> _Task goal_: From the records below, copy every line that contains the word "FEBI".

> _Brief descriptive captions_:

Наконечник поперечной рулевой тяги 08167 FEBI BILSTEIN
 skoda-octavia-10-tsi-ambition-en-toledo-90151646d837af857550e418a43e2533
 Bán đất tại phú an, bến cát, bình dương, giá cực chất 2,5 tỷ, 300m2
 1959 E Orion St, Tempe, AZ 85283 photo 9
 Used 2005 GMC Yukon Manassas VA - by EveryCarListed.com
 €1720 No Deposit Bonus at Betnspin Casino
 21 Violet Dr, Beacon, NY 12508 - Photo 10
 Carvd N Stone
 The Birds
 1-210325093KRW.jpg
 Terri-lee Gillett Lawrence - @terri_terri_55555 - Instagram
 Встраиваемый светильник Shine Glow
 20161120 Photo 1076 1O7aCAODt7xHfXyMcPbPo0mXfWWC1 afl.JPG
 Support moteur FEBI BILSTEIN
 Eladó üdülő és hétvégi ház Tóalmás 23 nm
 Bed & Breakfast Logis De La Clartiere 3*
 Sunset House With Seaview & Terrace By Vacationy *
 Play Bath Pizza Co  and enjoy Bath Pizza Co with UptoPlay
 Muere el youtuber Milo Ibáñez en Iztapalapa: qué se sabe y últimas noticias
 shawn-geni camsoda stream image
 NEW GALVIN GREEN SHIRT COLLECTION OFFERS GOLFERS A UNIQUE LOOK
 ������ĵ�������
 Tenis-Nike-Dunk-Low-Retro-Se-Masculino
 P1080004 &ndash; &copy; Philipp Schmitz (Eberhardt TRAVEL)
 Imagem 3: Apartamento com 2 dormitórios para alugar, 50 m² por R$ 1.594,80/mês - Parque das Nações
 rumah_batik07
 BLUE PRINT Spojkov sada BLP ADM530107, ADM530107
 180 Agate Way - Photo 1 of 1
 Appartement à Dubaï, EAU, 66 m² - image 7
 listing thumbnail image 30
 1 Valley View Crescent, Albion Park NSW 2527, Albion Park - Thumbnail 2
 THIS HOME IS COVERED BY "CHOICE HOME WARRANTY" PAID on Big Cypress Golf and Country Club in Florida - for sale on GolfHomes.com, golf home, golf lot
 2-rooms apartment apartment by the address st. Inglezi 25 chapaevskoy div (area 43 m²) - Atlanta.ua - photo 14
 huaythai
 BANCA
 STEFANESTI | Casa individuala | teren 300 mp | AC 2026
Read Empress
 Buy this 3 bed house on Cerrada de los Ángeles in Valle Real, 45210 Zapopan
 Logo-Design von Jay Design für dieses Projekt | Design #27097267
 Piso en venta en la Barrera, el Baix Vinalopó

> _Exercise solution_:
Наконечник поперечной рулевой тяги 08167 FEBI BILSTEIN
 Support moteur FEBI BILSTEIN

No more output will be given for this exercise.